On the MCU, the implementation used two models:

  • CenterFace for face detection,
  • MobileFaceNet for face recognition.

This MCU pipeline allowed face detection first, then identity matching using facial embeddings and cosine similarity against a reference base.

gesture_applications

Gesture recognition was intentionally implemented with two different strategies.

On the MPU, the team used a direct image classification approach based on MobileNetV2 adapted to 6 classes corresponding to 0 to 5 raised fingers.

On the MCU, the approach was more hybrid:

  • palm detection,
  • 21 hand landmarks extraction,
  • geometric post-processing to infer the final finger count.

This made the comparison more interesting because it was not only a hardware comparison, but also a comparison of algorithmic strategies for embedded gesture understanding.

implementation_notes

One of the most valuable parts of the project was understanding how different embedded environments change the deployment experience.

On the STM32MP257F-DK2, Linux made development more modular and easier to debug. Camera access, preprocessing, ONNX model execution, and display logic could be managed in Python with a relatively comfortable software stack.

On the STM32N6570-DK, integration was much lower level. The project required tighter control over buffers, tensor sizes, peripheral configuration, and the full inference loop. Camera acquisition, resizing, inference, and display all had to be organized inside a much more constrained embedded pipeline.

measured_results

platformapplicationestimated inferencereal fpsqualitative validation
STM32MP257F-DK2Face detection25 ms18Very good
STM32MP257F-DK2Gesture recognition33 ms22Medium
STM32N6570-DKFace detection + recognition129 ms6Very good
STM32N6570-DKGesture detection15 ms30Very good

The MPU delivered fluid real-time execution and was especially effective for face detection.

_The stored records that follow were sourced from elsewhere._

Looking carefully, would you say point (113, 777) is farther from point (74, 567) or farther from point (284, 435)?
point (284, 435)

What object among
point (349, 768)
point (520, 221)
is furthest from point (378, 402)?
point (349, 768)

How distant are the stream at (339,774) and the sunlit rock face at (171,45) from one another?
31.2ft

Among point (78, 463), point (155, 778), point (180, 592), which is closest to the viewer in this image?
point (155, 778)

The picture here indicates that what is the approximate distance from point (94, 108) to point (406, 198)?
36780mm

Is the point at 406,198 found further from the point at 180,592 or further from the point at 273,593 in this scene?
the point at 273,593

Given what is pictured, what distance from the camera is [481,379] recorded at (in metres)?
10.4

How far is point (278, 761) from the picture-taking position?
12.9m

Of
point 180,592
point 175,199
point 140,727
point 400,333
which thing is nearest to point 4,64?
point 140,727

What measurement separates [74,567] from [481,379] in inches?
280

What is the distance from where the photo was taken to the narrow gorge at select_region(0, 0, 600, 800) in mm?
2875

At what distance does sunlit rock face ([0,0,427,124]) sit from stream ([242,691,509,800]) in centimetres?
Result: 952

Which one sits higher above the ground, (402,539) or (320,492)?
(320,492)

The MCU delivered the best gesture pipeline in the project, reaching strong robustness with 30 FPS, while also proving that optimized AI workloads can run effectively on a constrained microcontroller.

constraints_and_lessons

The project also revealed that software complexity matters as much as raw compute power.

Even though the MPU offers a richer environment, OpenSTLinux setup and deployment complexity consumed a significant part of the project effort. In contrast, the MCU required more low-level engineering but gave a more convincing result for some optimized embedded AI tasks.

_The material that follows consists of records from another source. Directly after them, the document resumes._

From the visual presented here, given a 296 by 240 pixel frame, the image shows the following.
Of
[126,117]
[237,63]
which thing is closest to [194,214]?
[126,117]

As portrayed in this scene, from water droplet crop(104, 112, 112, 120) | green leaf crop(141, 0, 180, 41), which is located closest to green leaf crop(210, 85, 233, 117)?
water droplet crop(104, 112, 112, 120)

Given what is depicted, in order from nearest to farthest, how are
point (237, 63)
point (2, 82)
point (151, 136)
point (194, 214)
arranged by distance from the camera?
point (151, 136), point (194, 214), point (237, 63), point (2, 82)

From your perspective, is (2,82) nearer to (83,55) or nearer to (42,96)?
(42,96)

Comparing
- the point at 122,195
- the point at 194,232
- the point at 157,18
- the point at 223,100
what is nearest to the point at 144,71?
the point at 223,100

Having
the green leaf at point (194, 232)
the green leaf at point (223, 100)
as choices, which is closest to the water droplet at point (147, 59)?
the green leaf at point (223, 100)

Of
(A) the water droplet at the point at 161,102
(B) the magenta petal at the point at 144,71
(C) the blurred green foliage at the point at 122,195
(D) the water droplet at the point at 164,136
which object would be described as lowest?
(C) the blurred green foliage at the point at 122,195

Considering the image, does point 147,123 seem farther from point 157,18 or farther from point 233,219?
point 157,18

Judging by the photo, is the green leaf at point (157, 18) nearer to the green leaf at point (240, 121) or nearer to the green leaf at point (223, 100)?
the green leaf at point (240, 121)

Another important lesson came from the gesture model on the MPU. Because the dataset was collected in controlled conditions, the model generalized less well when lighting, background, or orientation changed.

The project originally included an audio module, but that part was dropped during execution in order to secure the vision deliverables and maintain the project timeline.

project_outcome

This project gave me practical experience across the full embedded AI chain:

  • dataset preparation,
  • model training and export,
  • quantization,
  • deployment on embedded targets,
  • benchmark analysis,
  • and system-level trade-offs between MCU and MPU platforms.

More importantly, it helped me understand that successful Edge AI is not only about model accuracy. It also depends on integration cost, runtime constraints, memory limits, tooling maturity, and deployment realism.